Male. Upper.side ochreous-brown. Forewing with five sub-apical white spots, the three from near the costa in an outwardly oblique straight line, the two lower ones minute, sometimes absent; a small round dot within the cell before its middle, a spot within the outer end, highly excavated on its outer side, its upper half merely a short curved streak, a round spot in the middle of the first median interspace, a round dot outside towards the base of the second median interspace, a minute dot immediately below the lower spot and a small round spot inwardly below it, both in the interno-median interspace, a very minute dot close to the costa at its middle, all the spots and dots white and semi-hyaline; an indistinct brown narrow bar before the middle across the interno-median interspace; and an indistinct, irregular, recurved brown lunular discal line. Hindwing with indistinct, lunular, brown, discal and sub-marginal lines; both wings with brown outer marginal line and white cilia, with small brown patches at the vein ends. Underside pale brown, spots and markings as above, both wings covered and smeared with white scaling, the outer marginal line brown, with a little brown suffusion on its inner side.
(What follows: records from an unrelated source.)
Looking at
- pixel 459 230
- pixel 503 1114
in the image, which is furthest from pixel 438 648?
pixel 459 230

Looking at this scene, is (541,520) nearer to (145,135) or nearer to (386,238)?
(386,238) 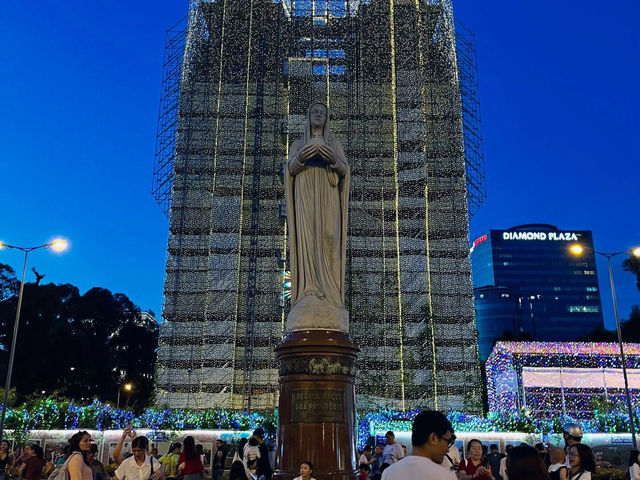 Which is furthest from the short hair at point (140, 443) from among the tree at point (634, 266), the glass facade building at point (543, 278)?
the glass facade building at point (543, 278)

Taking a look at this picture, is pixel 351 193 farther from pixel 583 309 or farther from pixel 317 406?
pixel 583 309

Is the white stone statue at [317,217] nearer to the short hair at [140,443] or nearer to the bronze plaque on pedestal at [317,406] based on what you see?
the bronze plaque on pedestal at [317,406]

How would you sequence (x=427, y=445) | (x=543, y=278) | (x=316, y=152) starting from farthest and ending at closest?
(x=543, y=278)
(x=316, y=152)
(x=427, y=445)

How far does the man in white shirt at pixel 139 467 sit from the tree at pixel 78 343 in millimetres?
25347

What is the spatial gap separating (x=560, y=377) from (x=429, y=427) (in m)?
25.2

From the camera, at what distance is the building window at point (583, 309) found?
119 metres

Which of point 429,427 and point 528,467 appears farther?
point 528,467

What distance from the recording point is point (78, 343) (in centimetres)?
3950

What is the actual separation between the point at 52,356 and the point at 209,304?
48.1ft

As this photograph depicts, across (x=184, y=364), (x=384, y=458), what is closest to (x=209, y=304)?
(x=184, y=364)

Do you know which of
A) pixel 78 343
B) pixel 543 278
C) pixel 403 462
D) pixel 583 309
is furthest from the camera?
pixel 543 278

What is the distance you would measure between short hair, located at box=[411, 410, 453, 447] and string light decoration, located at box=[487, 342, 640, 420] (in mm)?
23788

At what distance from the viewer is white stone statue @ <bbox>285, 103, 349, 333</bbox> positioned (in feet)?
25.6

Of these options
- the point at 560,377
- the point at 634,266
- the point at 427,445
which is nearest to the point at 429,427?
the point at 427,445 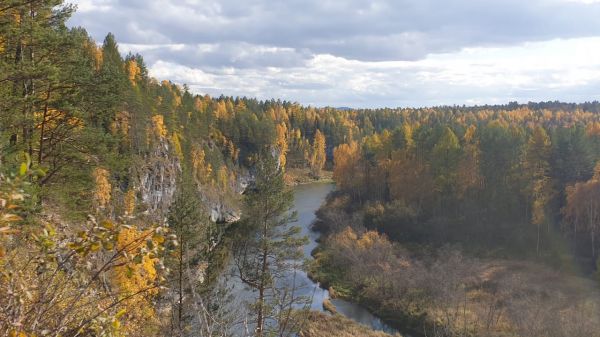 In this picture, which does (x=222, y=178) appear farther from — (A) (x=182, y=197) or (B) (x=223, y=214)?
(A) (x=182, y=197)

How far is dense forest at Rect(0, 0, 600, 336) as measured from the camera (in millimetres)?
4199

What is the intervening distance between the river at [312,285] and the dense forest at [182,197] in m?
2.32

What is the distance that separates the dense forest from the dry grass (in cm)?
498

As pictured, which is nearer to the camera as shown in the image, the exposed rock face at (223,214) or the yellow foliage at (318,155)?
the exposed rock face at (223,214)

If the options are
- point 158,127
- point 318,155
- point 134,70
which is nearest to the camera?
point 158,127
Antennae with the underside of the upper half of the club ochreous, a white streak on the lower half, the shaft with white dots. Palpi, body beneath and the legs white; head and body above concolorous with the wings, a white spot on each side of the head.

Female similar to the male, duller in colour above and not nearly so white beneath, and across the disc of the forewing beneath there is a rather broad, indistinct brownish fascia.